Speaking of Keenum, while he may not end up in the final running for the Heisman, he is one of the finalists, along with Colt McCoy of Texas and Tim Tebow of Florida, for the Davey O'Brien Award. The O'Brien Award is given to the nation's best quarterback, and the winner is selected by a group of reporters, journalists, and broadcasters (and no, I don't have a vote). There is also a fan element to the award, and the fan vote counts for five percent of the overall vote.
The men's basketball team, unlike the football team, is coming off of a loss to Nevada on Saturday night. Nevada was 24-for-38 from the field in the first half and finished by shooting 60.9 percent on the night to win 112-99. The Cougars shot a respectable 44 percent, but were out-rebounded by Nevada 57-27.
Nevada took a 61-44 lead and turned it into a 26-point lead midway through the second half before the Cougars, behind stud shooting guard Aubrey Coleman, made a valiant comeback effort and got to within six points with about five minutes on the clock before going down.
Coleman finished the night with 32 points, seven rebounds, three assists and four steals. It was his second straight 30-plus point game and the fifth of his career. But except for guard Adam Brown off of the bench, Coleman didn't have much help, especially on the boards. Looking at the rebounding numbers, it's a wonder that the Cougars didn't lose by more than they did.
Head coach Tom Penders said that Nevada was on fire from the start, and that his guys failed to match their intensity. But Penders also said the altitude in Reno played a bit of a role in the outcome. "The altitude was as factor in this game," he said. "Our guys were having trouble, we could feel it."

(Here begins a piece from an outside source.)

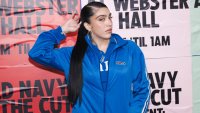 Лурдес Леон демонстрира певческите си умения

The altitude shouldn't be much of a factor starting Thanksgiving. Instead, the Cougars are just going to have to worry about staying warm as they're slated to play three games in Anchorage, Alaska, starting late Thursday night with a premier match-up against Oklahoma. The Cougars will take on San Diego on Friday night. And they will play either Washington State, Alaska Anchorage, or Nicholls State on Saturday at a time to be determined.
The Thursday and Friday basketball games will tip off at 10:30 p.m. and will air on Comcast Sports Southwest -- that means most of us won't be able to see them. The football team will play Rice on Saturday night at 7 p.m., and it, too, will air on Comcast Sports Southwest, which means that about the only way to actually see the game is to attend to the game in person.